WORK TASK: Leave out the pictures and repeat exactly the lines from the one containing "2024 Kia Carnival с пробегом 37 709 км" through the end of the records.
__________
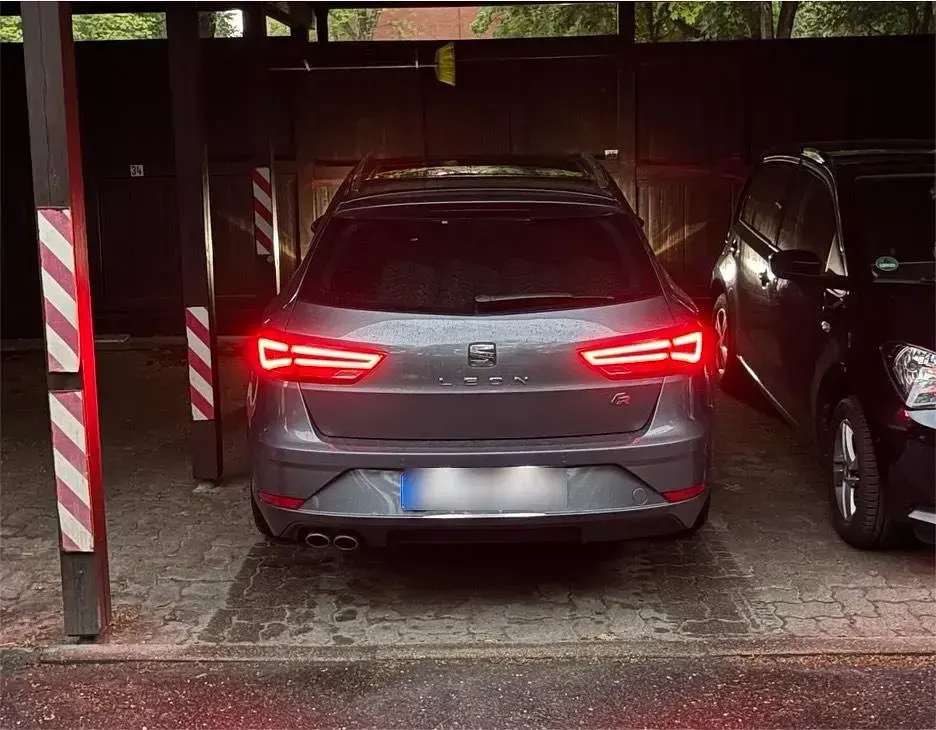 Gebraucht Seat Leon ST 150 PS (110 kW) 2017 Grau Kombi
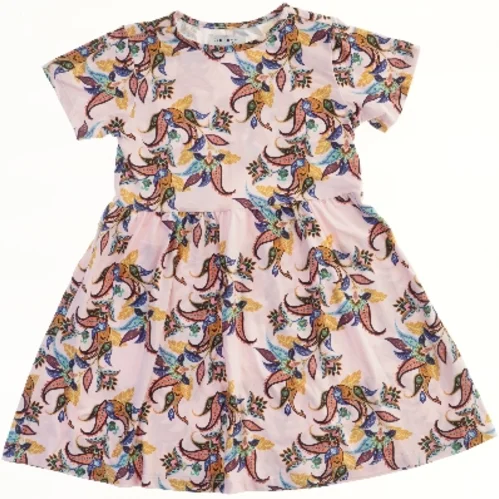 Kortærmet sommerkjole med blomstermønster fra LIBERTÉ Ami (str. 110)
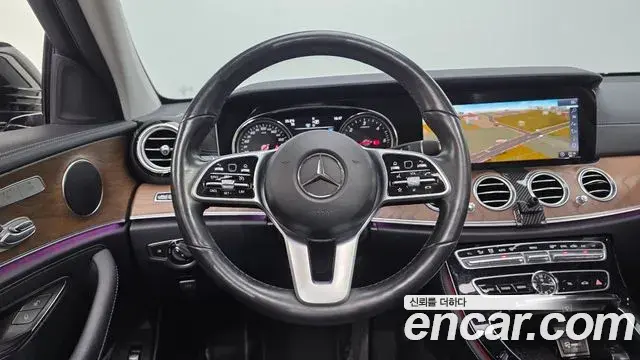 Mercedes-Benz E-Class 2019 — Фото 14/20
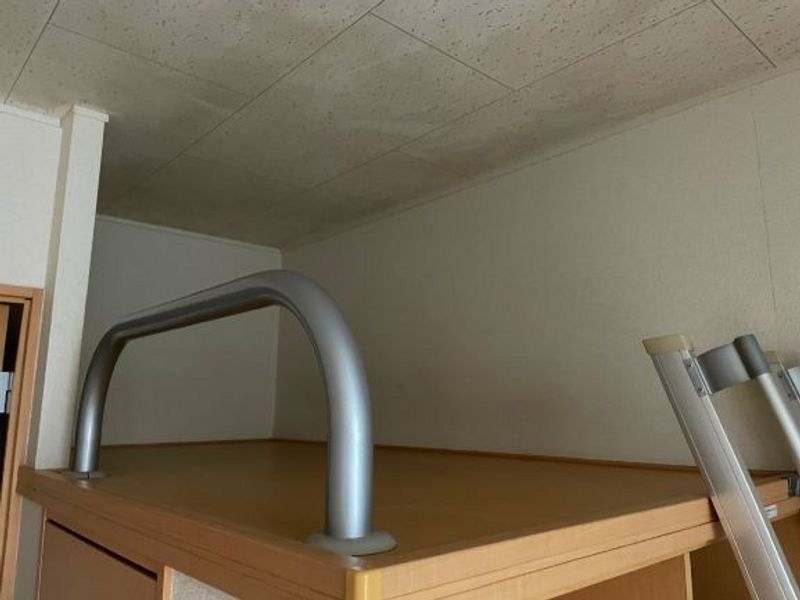 レオパレスアーバン貮番館 寝室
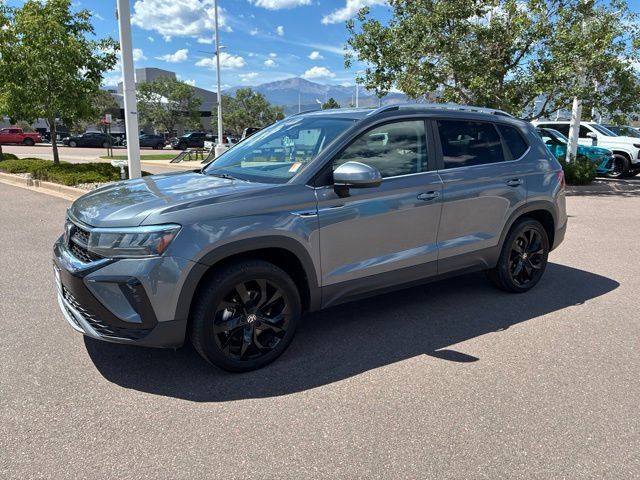 Used 2022 Volkswagen Taos SE AWD/4WD image 3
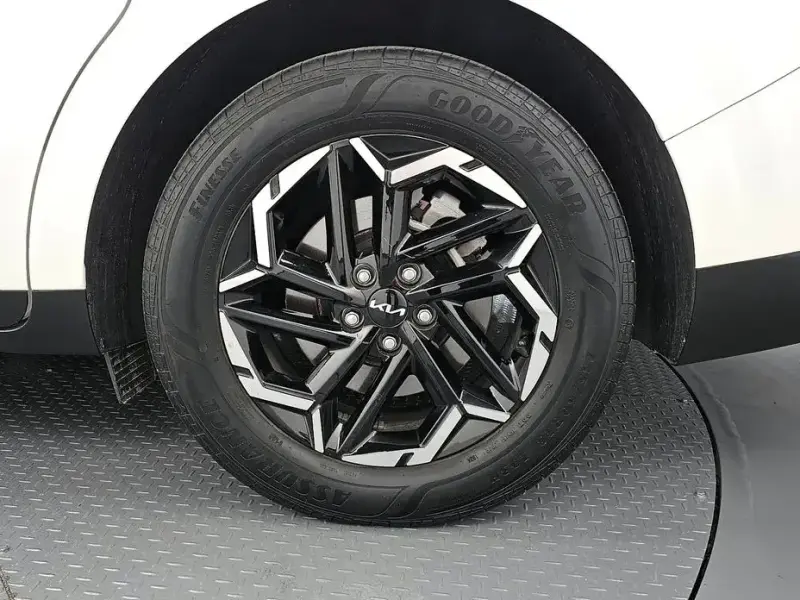 2024 Kia Carnival с пробегом 37 709 км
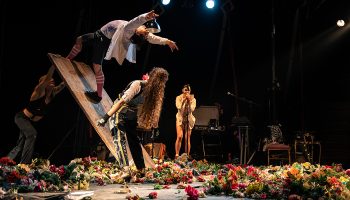« Le Premier Artifice », création collective du Cirque Queer, entre poésie, théâtre, clown et militantisme - Critique sortie Théâtre Paris Village de Cirque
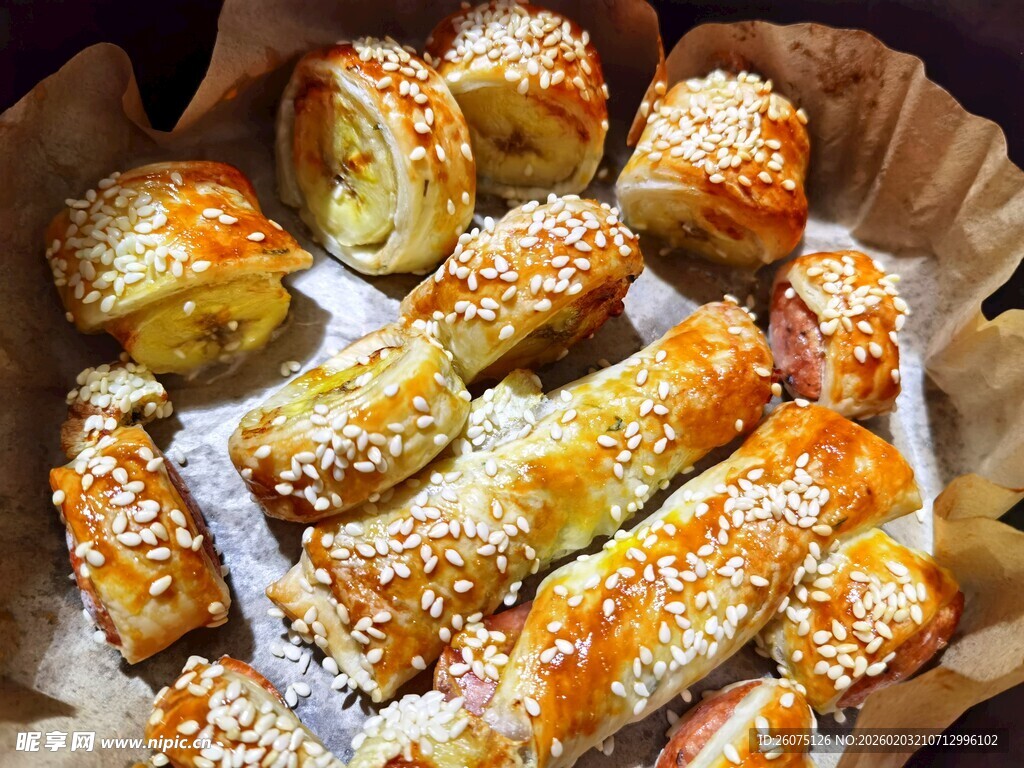 撒糖面包卷美味诱人烘焙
__________
PROBLEM SOLUTION:
 2024 Kia Carnival с пробегом 37 709 км
« Le Premier Artifice », création collective du Cirque Queer, entre poésie, théâtre, clown et militantisme - Critique sortie Théâtre Paris Village de Cirque
 撒糖面包卷美味诱人烘焙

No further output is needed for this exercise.